Pay particular attention to the chart the author provides (as well as the notation below that chart that I posted above) showing the performance of the Shanghai index in comparison to the S&P500, the German DAX, and the Indian "Nifty" market.

For the past year, the Shanghai market has been in decline, having peaked in July, 2009. In comparison, the other 3 indices have continued their uptrend. The author, as I understand his comments, suggests that this would be an indicator that these three indices are due for a substantial pullback if they are resolve the divergence that exists with the Shanghai market.

The author also makes a compelling case that China is "cooking the books" and is in a SUPER-BUBBLE which, when it bursts, will have significant ramifications to global commodity prices.

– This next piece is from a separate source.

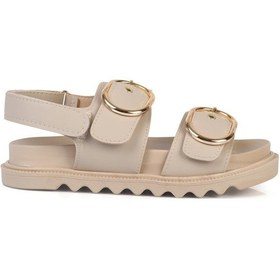 Resim Shoetek Tayuma Kadın Sandalet Bantlı Tokalı Bej Deri Bej 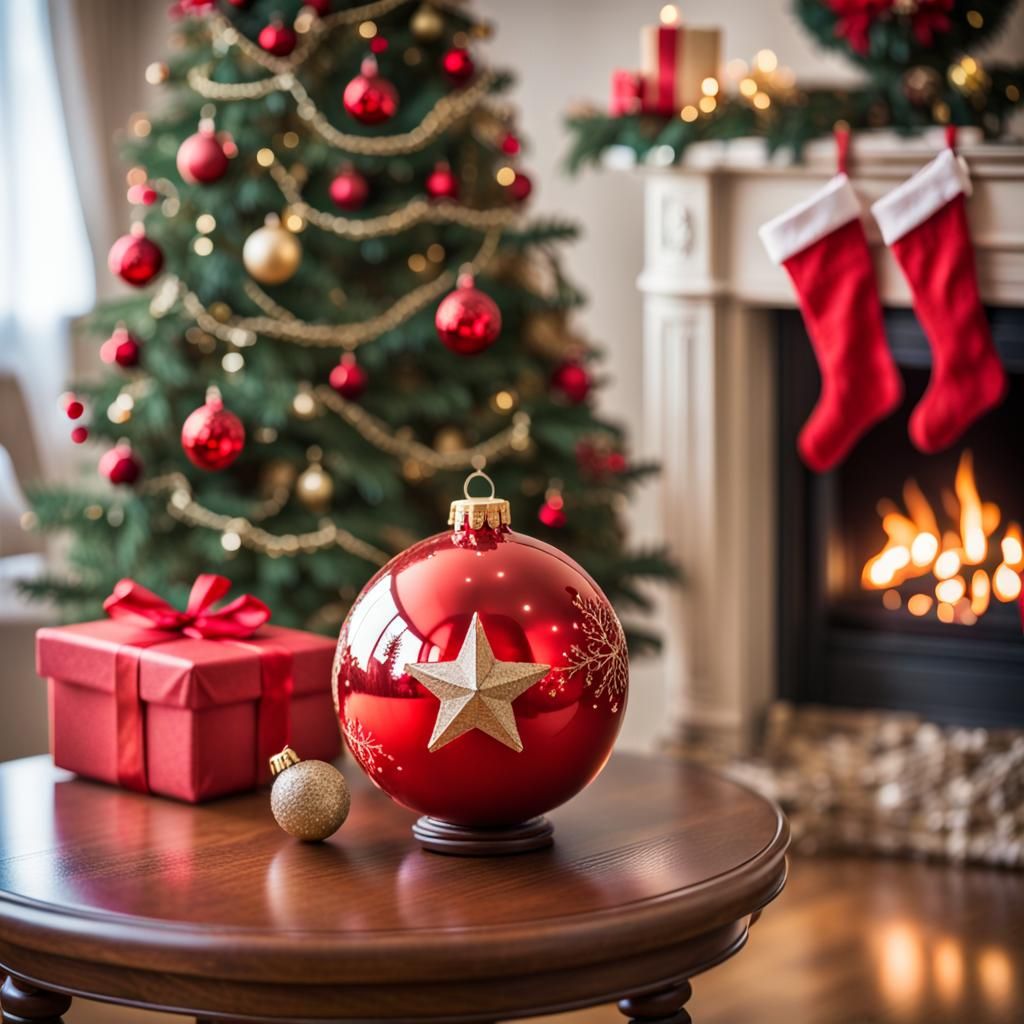 Reflecting Christmas: Red Sphere on Table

The last thing the Chinese economy needs is a stronger Yuan, but they are facing tremendous political pressure from the G20 to let their currency appreciate.

Is it any wonder why Chinese officials have been so reluctant to let their currency, the renminbi, appreciate in response from demands from the U.S. and China's other trading partners? If the economy is in a bubble, the last thing it needs is a strengthening currency to exacerbate the problems.

The reader may also will recall my previous posting from Monday discussing the Ponzi Scheme that is Chinese real estate. Putting savings into a home, only to obtain a home equity loan against the appreciated value of the home, only to take the funds and RE-LOAN that money to a Loan Shark, who pays 20-150% interest (presumably charging their borrowers even more) is incredible, if true to the extent this is allegedly happening in Chinese "black markets".

Thus, in sum, if the Shanghai index is an indicator of the future for other global indices, that would suggest at least a 20% drop in the DOW and SPX.

Finally, I would offer this CNBC article by Herb Greenberg, which discusses how many Chinese companies have been engaged in reverse mergers into US corporate shells in order to gain access to US capital. Many American investors/speculators have been buying these up in the belief that the companies behind them have been properly vetted as legitimate companies. This could not be further from the truth as there are almost no mechanisms for legally requiring these Chinese companies to fully disclose, except US securities laws, which are extremely difficult to enforce against a Chinese company, even if it's stock is listed in the US.

Chinese Firms Using 'Back Door' to US Exchanges

Reverse Mergers often involve private US companies attempting to take the "fast track" to public status, avoiding the IPO phase, and the vetting that normally involves. Many of them are of extremely dubious credibility, if little more than scams and frauds, but they are accountable to US securities laws. So if the most common reverse mergers are "sketchy", having an unaccountable Chinese company go public in the US exchanges is potentially the quickest manner in which to lose your entire investment.

Most of all it's indicative of the "con-game" that China is playing against Western investors foolish enough to invest in China's bubblemania.